Benjamin Dean Meritt
From the American Philosophical Society:
In a close-packed professional career of close on seventy years, Benjamin Meritt shed new light on many areas of the ancient Greek scene, especially on Athens in the days of her imperial greatness. […] Meritt's association with the Institute for Advanced Study at Princeton began in 1935. He was one of a group of four appointed in that year as charter members of the newly founded School of Humanistic Studies, now the School of Historical Studies. The appointment was proposed by Abraham Flexner, the first director of the Institute, who had himself begun as a teacher of Greek and Latin and who had come to know Meritt both by reputation and through sharing summers with Meritt's family on Lake Ahmic in Ontario. In his autobiography Dr.
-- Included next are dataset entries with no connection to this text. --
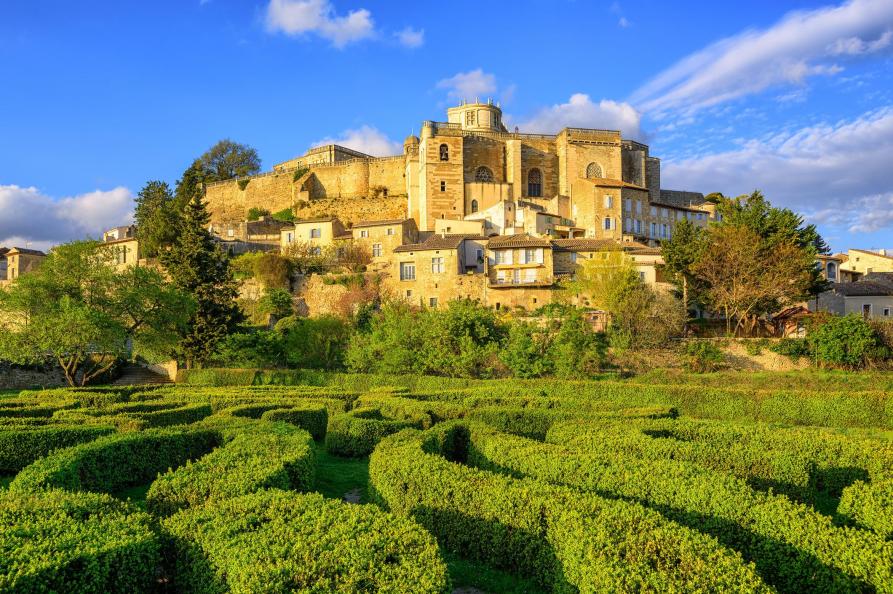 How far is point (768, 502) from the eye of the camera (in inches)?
346

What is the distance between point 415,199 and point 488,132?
1412 cm

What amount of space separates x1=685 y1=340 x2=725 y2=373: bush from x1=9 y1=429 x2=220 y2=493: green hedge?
107 ft

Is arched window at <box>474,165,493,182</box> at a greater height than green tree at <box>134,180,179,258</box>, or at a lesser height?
greater

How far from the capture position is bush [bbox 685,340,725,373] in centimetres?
3966

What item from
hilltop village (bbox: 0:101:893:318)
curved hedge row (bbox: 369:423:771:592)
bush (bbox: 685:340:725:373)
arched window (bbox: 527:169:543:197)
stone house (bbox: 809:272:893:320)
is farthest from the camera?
arched window (bbox: 527:169:543:197)

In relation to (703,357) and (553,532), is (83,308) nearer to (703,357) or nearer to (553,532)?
(553,532)

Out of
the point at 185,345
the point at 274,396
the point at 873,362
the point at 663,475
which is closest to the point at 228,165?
the point at 185,345

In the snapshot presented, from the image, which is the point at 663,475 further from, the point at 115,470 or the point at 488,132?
the point at 488,132

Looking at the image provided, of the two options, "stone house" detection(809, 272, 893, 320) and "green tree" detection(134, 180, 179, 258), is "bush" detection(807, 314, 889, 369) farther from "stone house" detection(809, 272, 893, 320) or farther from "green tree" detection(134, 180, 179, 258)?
"green tree" detection(134, 180, 179, 258)

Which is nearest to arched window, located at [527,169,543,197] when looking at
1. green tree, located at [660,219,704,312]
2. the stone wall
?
green tree, located at [660,219,704,312]

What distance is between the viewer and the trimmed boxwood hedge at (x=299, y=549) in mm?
6301

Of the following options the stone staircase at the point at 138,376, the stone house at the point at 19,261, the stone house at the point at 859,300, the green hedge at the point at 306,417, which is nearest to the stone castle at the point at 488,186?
the stone house at the point at 859,300

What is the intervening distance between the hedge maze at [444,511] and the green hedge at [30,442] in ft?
0.14

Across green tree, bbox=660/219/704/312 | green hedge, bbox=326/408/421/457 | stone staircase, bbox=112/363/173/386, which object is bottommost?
stone staircase, bbox=112/363/173/386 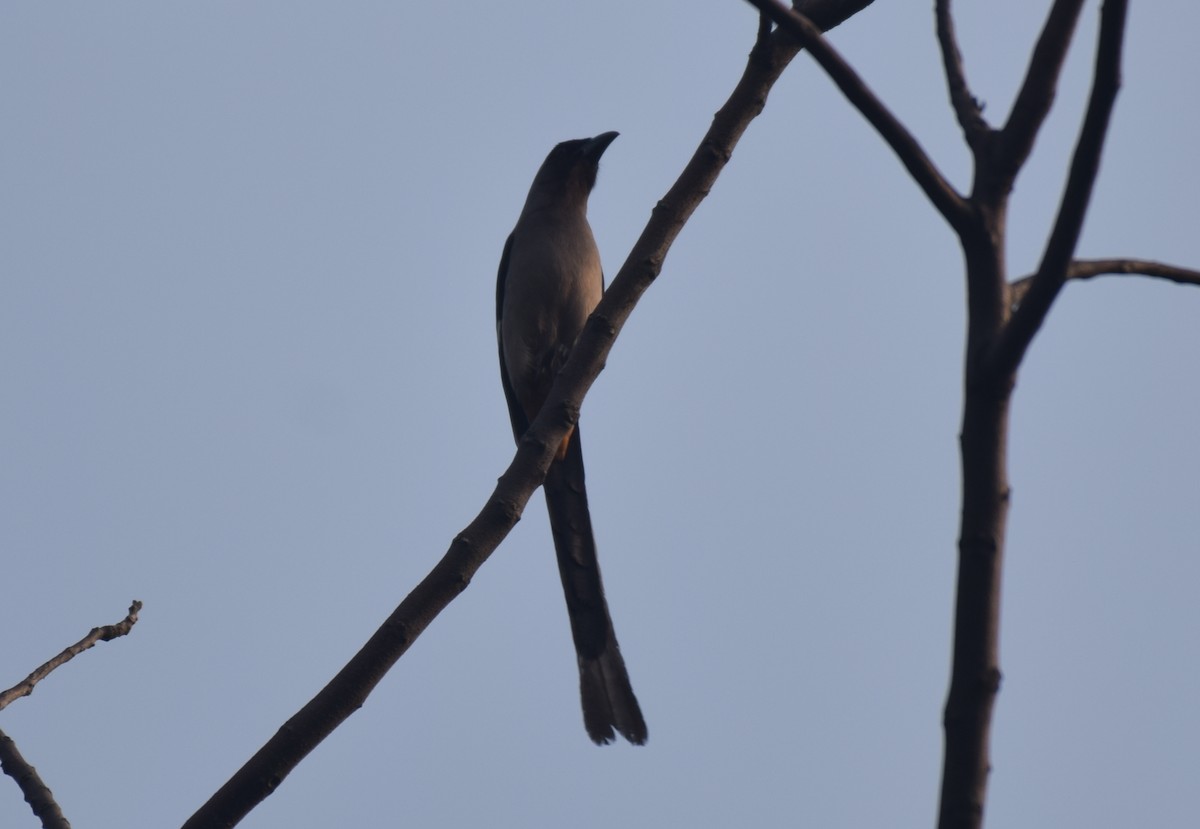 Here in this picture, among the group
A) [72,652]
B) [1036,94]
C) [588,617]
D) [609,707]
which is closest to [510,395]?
[588,617]

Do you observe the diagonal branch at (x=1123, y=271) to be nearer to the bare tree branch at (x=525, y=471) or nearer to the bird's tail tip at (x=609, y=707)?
the bare tree branch at (x=525, y=471)

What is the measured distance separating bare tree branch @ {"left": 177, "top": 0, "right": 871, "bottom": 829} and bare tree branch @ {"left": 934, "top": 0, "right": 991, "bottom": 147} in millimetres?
1665

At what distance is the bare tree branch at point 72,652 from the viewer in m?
3.26

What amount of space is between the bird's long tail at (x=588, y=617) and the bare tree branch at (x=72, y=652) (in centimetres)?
160

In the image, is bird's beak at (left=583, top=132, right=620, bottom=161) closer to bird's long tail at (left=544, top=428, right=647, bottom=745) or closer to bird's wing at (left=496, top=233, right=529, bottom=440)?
bird's wing at (left=496, top=233, right=529, bottom=440)

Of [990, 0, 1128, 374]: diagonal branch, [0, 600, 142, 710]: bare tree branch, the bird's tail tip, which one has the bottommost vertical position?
[0, 600, 142, 710]: bare tree branch

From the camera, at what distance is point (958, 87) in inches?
88.2

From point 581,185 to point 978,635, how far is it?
5.80m

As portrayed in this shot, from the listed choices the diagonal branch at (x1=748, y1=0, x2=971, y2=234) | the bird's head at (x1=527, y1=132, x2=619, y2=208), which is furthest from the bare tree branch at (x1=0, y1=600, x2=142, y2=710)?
the bird's head at (x1=527, y1=132, x2=619, y2=208)

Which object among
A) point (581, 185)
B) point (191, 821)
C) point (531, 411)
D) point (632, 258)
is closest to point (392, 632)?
point (191, 821)

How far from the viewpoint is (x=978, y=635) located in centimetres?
187

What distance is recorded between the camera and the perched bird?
4.49 m

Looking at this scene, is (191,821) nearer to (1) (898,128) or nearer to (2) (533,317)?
(1) (898,128)

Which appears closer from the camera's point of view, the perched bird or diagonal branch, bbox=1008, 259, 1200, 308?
diagonal branch, bbox=1008, 259, 1200, 308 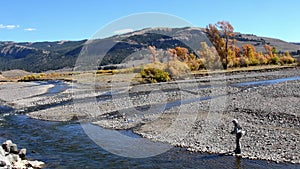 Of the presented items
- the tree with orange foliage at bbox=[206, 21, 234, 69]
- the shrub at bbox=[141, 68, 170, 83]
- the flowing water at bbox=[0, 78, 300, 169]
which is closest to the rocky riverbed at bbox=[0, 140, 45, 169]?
the flowing water at bbox=[0, 78, 300, 169]

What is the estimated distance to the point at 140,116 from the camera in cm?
2773

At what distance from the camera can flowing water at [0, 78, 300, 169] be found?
15154mm

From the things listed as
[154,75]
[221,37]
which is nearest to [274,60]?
[221,37]

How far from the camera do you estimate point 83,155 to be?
58.7ft

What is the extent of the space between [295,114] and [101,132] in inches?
562

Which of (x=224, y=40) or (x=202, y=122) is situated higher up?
(x=224, y=40)

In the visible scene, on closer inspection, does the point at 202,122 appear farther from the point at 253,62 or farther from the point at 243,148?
the point at 253,62

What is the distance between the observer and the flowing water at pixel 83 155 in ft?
49.7

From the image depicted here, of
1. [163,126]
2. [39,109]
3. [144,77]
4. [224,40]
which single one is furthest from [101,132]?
[224,40]

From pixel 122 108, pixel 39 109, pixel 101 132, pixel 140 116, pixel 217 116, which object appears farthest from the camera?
pixel 39 109

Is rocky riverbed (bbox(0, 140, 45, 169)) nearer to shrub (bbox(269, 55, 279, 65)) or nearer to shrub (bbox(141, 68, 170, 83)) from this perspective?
shrub (bbox(141, 68, 170, 83))

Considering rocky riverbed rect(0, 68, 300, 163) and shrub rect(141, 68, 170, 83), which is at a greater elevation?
shrub rect(141, 68, 170, 83)

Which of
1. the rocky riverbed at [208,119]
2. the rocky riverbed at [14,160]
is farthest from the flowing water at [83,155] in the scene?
the rocky riverbed at [208,119]

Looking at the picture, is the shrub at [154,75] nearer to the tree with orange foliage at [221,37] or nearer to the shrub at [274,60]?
the tree with orange foliage at [221,37] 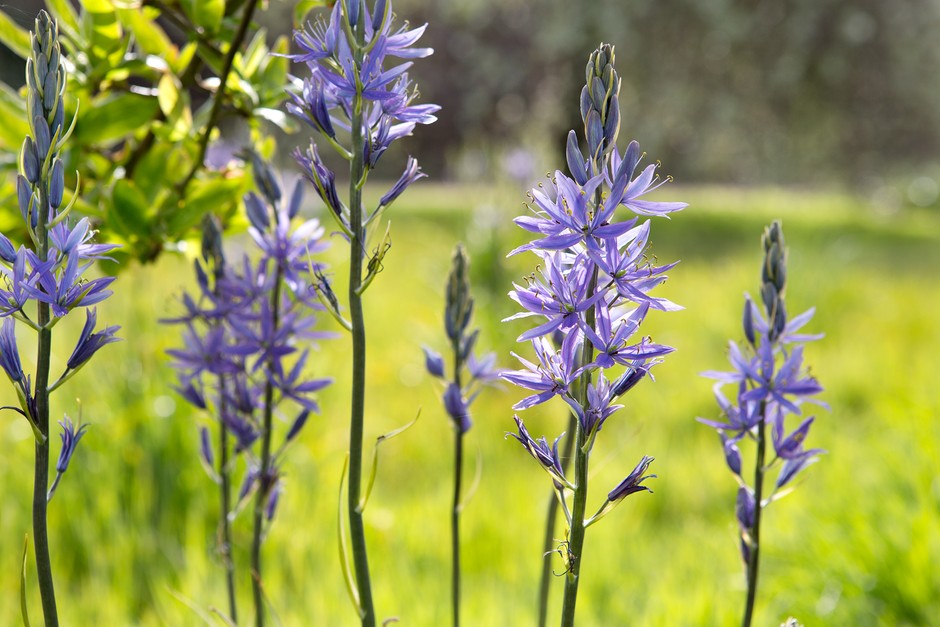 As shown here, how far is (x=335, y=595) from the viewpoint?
9.14 ft

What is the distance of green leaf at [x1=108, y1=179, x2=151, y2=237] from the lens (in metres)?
1.62

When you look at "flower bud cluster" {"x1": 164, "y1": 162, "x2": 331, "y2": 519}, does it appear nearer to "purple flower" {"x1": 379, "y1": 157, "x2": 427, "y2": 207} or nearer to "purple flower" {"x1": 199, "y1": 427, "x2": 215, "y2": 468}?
"purple flower" {"x1": 199, "y1": 427, "x2": 215, "y2": 468}

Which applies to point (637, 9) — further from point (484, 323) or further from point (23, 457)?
point (23, 457)

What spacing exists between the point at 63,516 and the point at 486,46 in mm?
21379

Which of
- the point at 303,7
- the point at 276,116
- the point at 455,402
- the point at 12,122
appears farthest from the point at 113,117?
the point at 455,402

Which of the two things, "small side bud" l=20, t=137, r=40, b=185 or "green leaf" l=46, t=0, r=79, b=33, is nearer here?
"small side bud" l=20, t=137, r=40, b=185

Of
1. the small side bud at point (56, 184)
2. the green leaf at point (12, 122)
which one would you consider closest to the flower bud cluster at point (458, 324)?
the small side bud at point (56, 184)

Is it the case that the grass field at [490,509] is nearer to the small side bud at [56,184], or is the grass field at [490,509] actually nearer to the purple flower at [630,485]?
the purple flower at [630,485]

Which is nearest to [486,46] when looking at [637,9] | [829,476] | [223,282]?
[637,9]

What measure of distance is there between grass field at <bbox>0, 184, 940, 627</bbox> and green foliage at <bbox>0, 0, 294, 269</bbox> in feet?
2.15

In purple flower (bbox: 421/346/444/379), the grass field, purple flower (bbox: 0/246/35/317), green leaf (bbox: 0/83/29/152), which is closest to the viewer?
purple flower (bbox: 0/246/35/317)

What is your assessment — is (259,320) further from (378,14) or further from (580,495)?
(580,495)

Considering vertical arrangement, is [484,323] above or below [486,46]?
below

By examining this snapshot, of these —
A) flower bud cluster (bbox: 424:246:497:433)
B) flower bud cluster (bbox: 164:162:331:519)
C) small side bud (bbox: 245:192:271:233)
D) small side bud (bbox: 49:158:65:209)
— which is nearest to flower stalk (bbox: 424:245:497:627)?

Flexner reports that a local resident, when informed of the prestigious appointment, replied, "Well, you kin never tell by looking at a frog how far he will jump."
The appointment to the Institute came at a propitious moment in Meritt's career. Relieved of all academic duties except to push on with his own research, he was able to concentrate on his two major commitments: the Athenian tribute lists and the inflow of new inscriptions from the Athenian Agora. The administrative flexibility of the young Institute made it possible for him to have with him from time to time at Princeton the other two members of the team of three who were now working intensively on the tribute lists. This remarkable linkage survived World War II and brought the project to a triumphant conclusion in 1953 with the publication of Volume IV of The Athenian Tribute Lists.
To facilitate the work on the tribute lists and on the new inscriptions from the Agora, Meritt built up in the Institute a first-rate epigraphic library, especially strong on the Athenian side. He also assembled a collection of many thousand "squeezes" (impressions on heavy paper) of Athenian inscriptions of all periods. This combination of facilities, made readily accessible in a convenient setting, has formed the physical basis for a center of epigraphic studies. The situation was made ideal by the hospitable atmosphere created by Meritt with the administrative support of the Institute.